*Task instructions*. The output must be exactly the lines from the "Palm Springs Edition Playsuit Burgundy" line through the end of the listing below, with no picture included.

*Dataset excerpt*.

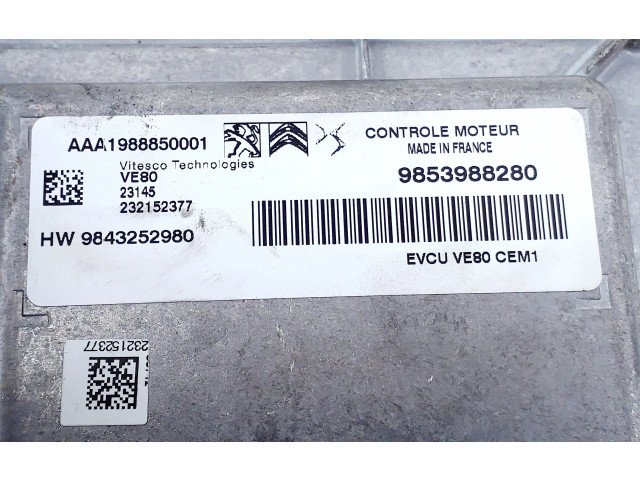 Řídící jednotka 9853988280 Opel Mokka B 2023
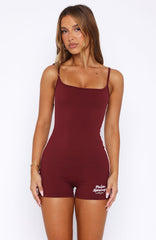 Palm Springs Edition Playsuit Burgundy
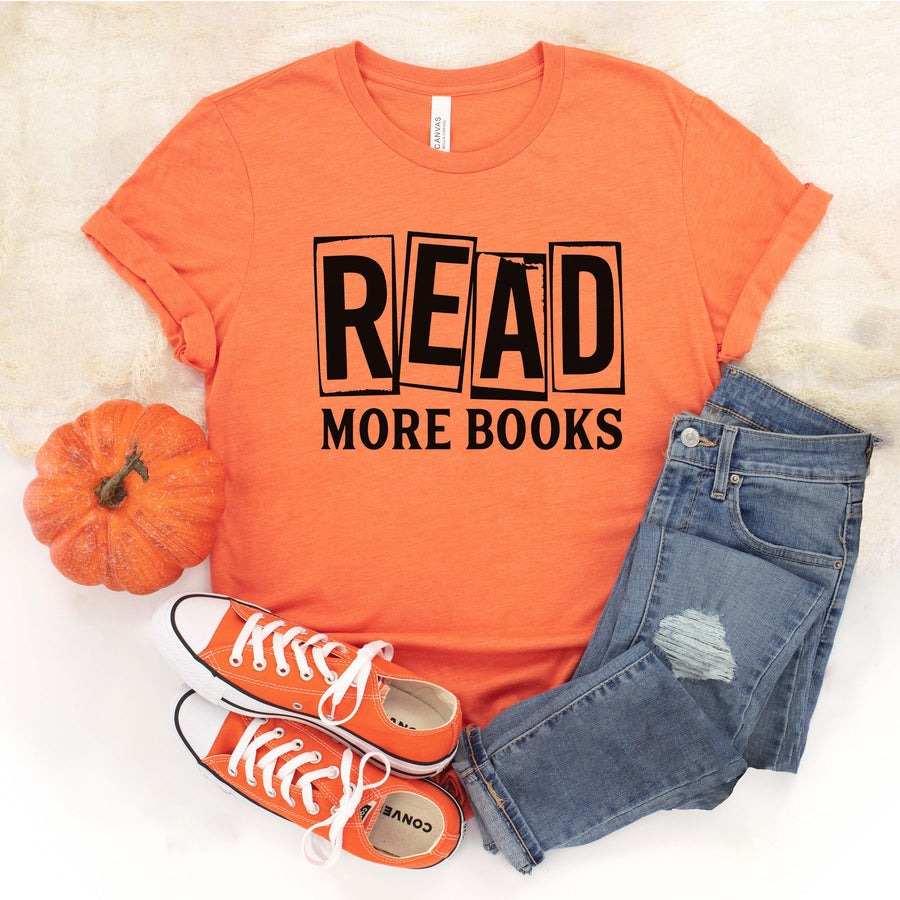 "Read More Books" Book Lover's T-Shirt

*Problem solution*.
 Palm Springs Edition Playsuit Burgundy
 "Read More Books" Book Lover's T-Shirt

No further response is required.